There are still other, more subtle implications of this viewpoint. Consider, for example, how rational self- objectification might modify brute Survivalism.

Psychological "Self"-DefenseI have often thought of how I might react if confronted by the sight of a criminal attacking some stranger. I am virtually positive I would get involved, even at grave risk to my physical survival. But why? In examining my feelings as to why, here's what I come up with.

I view such a matter as a core issue of my personal symbolism about how the world should, and shouldn't, be.

The criminal is not just attacking a stranger; he is attacking all that I value. He is attacking my world...me. He fills me with indignation, because he and his sort are undermining the world I wish to create, the world I want.

I can't walk past such a sight indifferently; and the fact that I don't know the stranger personally is irrelevant. It is not the stranger I so intensely value here: it is my world as I want it.

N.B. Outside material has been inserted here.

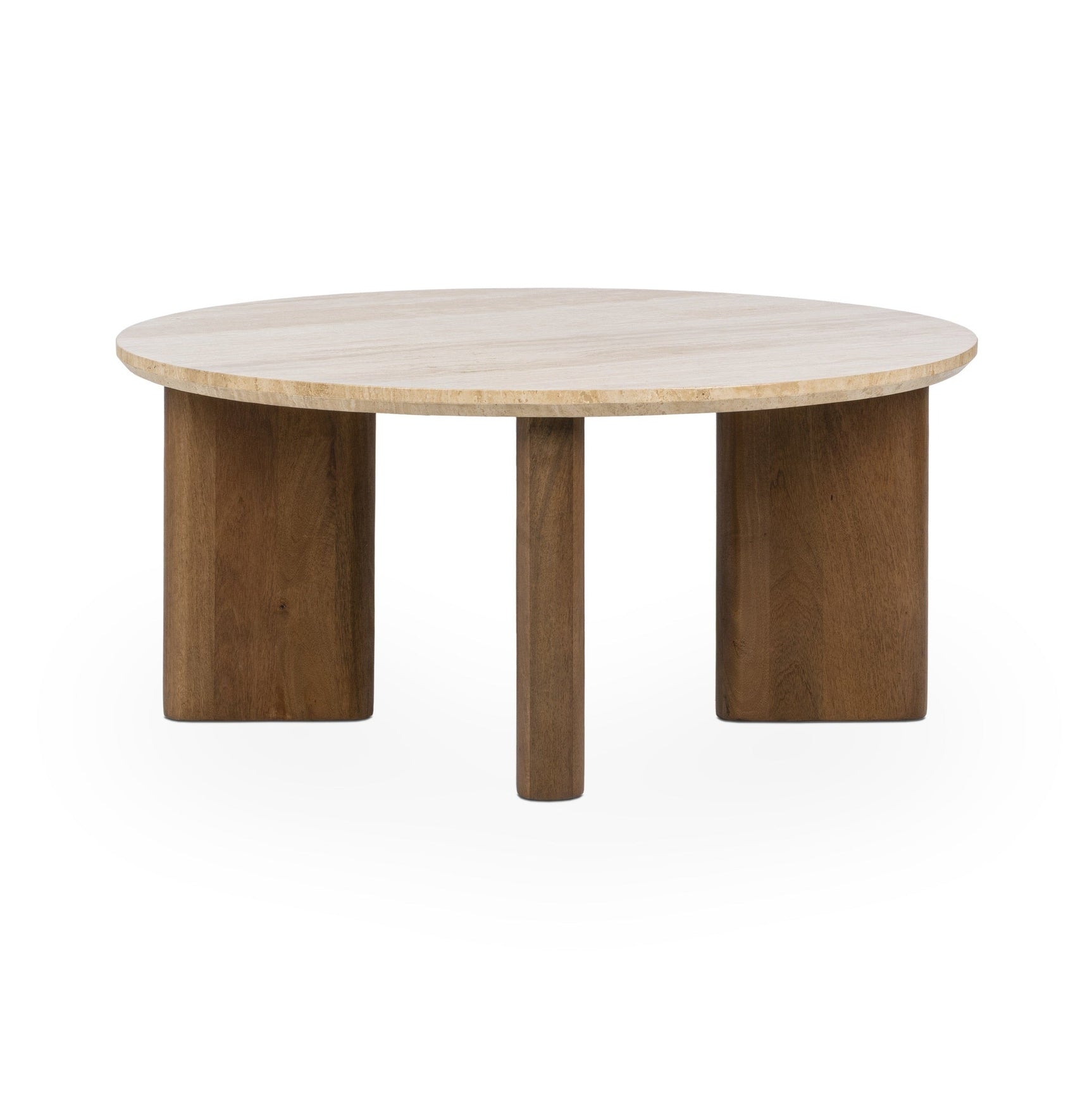 Idella Tan Coffee Table - Ornate Home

Similar considerations go into my risking my neck to save a stranger in peril during an emergency. I don't know anything about the stranger. I do know that I am making my personal statement against the triumph of raw circumstances over human life -- and over my volition. What jumps into my head is not, "I have a moral obligation to the stranger," but rather, "Not if I have anything to say about this!" You see, it's my world that's under assault.

There's a scene in We The Living in which young Kira sits with a girl who's being mistreated by all the other girls in the school, if my memory serves me correctly. She explains that she's not doing it so much for the harrassed girl, as she is taking a stand against the behavior of the mob. That is the sense I'm speaking of here.

Now, some might ask: "Isn't this irrational? By what standard do you project your personal value onto things which, objectively, have nothing to do with your personal survival -- things which, in fact, could actually jeopardize your personal survival?" My reply would be: "Why do you project your personal value onto your wife, your child, your house, your wedding ring, your pet, or anything else?" As humans, we do that all the time. A man who doesn't -- who has no external values -- can hardly be said to have a "self" in the human sense. One's self, in fact, incorporates all manner of external values, many having only the most remote connection to physical survival as such. We appropriate such values, in a psychological sense, making them "part of us," part of our world, part of our selves. After all, Objectivism teaches that our lives are not exclusively "in here" or "out there": they are a relationship between the two.

I would also ask: "Couldn't Rearden survive without Rearden Metal? Couldn't Roark survive without architecture? Couldn't Dagny survive without Taggart Transcontinental? Why did Dagny intervene and save the bum on the train? Why did Kira intervene on behalf of the abused girl?" If what I'm suggesting grossly misinterprets Rand, why did she have Roark tell Wynand not to give up his crusade on his, Roark's, behalf -- even though Wynand's crusade, objectively speaking, was harming Roark himself? On strictly Survivalist grounds, this act by Roark is outrageously irrational.

Only if we interpret Roark's "selfishness" in a manner as I am suggesting, does it make any sense: his "self" has incorporated Wynand's well-being as crucial to his own well-being. He will be damaged far more by Wynand's destruction, than by public outrage, or even a prison term. He is acting, I would argue, in psychological "self"-defense.

I simply cannot understand the full corpus of Ayn Rand's work -- especially her fiction -- to mean something very different from what I am suggesting here. As far as I can see, it is the only interpretation fully consistent with all that she wrote. And -- unless I'm missing something very subtle -- it is the only interpretation which simultaneously grounds ethics in nature, while extending ethics beyond considerations of mere subsistence.

It's time for a truce between the Survivalists and the Flourishers. For properly understood, Objectivism can bridge the legitimate concerns of both camps.

Our common aim? To offer the world an ethics that is firmly rooted in reality, yet rich enough to span all the important contextual considerations of human life on earth -- an ethics that supports and sustains human life, but which also makes human life worth living.

And what greater gift could we offer the world than that?